堤は、正子の顔や態度を思い出し、うんざりしてしまった。その影を振り払うように、「遺体発見までを時系列」と、短く指示した。
石田が応える。
「はいっ。十四時四分に道長から電話があった時点では、一夫、しずか、正子、三千代の四人は、一階のメインダイニングに一緒にいて――これが生きているガイシャが目撃された最後になります。十四時四十分ごろに道長と優里が帰宅するまで、一夫もしずかも正子も席を外していないそうです。道長と優里が帰宅してからガイシャを発見するまで、部屋にいた五人は、誰も一度も席を外していないと互いに証言しています。
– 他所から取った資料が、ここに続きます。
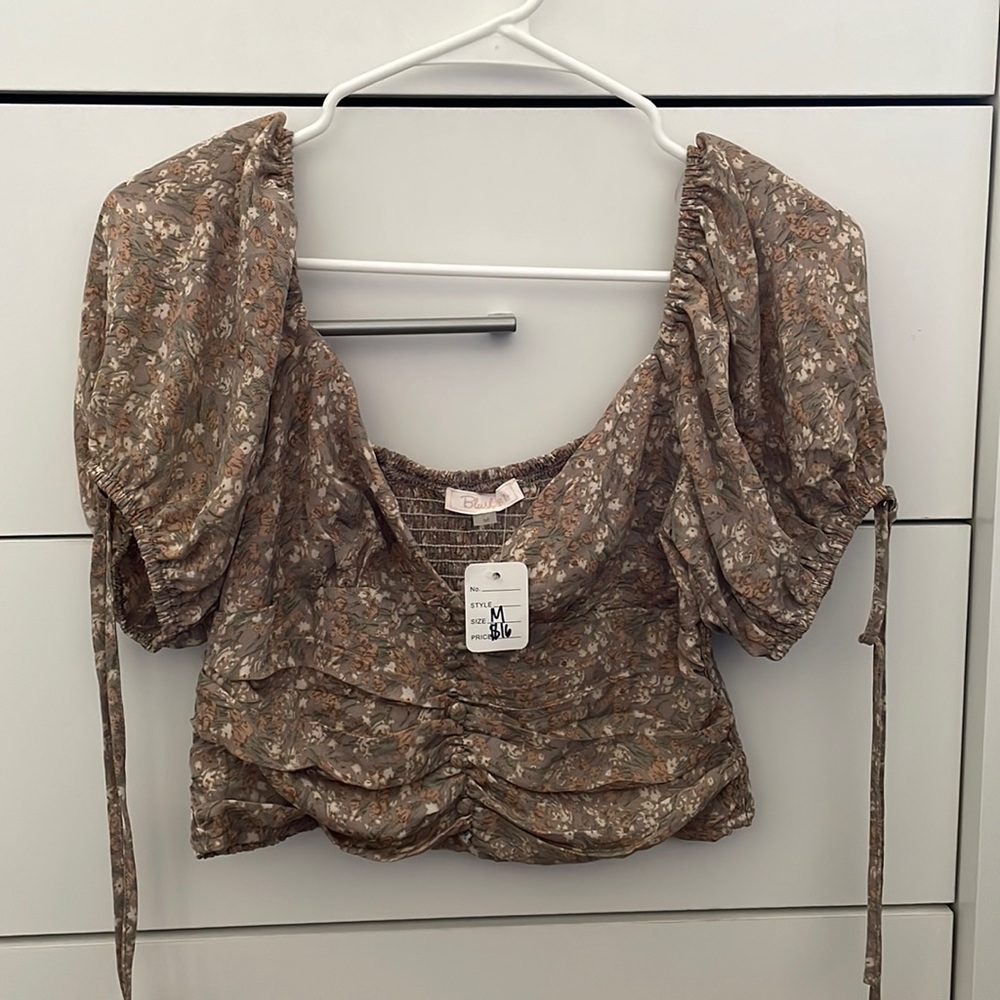 Cute floral cropped blouse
特に庇いあっている様子はなかったです」
堤は、「現場の状況をさらってみろ」と続けさせる。
「はいっ。遺体発見現場となった二階の三千代の部屋ですが、ドアに鍵がかかっていました。窓もしっかりと閉じていて、何者かが侵入した痕跡は発見できませんでした。ドアノブからは三千代と正子と道長の指紋しか付いていません。一夫としずかに確認したところ、廊下から部屋の中にいる三千代に声をかけることはあっても、三千代の部屋のドアを開けることはなかったそうです。腫れ物扱いだったんでしょうね」
「正子と道長は、事件当日、発見時に開けただけなのか」
堤に指摘されて、石田は「しまった」と顎を引いた。
「あ、すみません。二人には直接確認していませんが、一夫たちがそう話しているとき、側にいた二人が口を挟まなかったのでそうだと思いますが、念の為、確認しておきます。すみません、続けます。窓は庭に面した一箇所だけですが、このノブからも三千代の指紋しか検出されなかったそうです。念の為、ロックを解除するようにノブを回してから、窓を開けたり閉めたりしてみましたが、衝撃でノブが回ることはありませんでした。家族の証言が正しければ、三千代がきちんと窓を閉めてから、ノブを回してロックをかけたことになります」
石田は自分で言いながら、そんなことがあり得るのかと半信半疑な面持ちだ。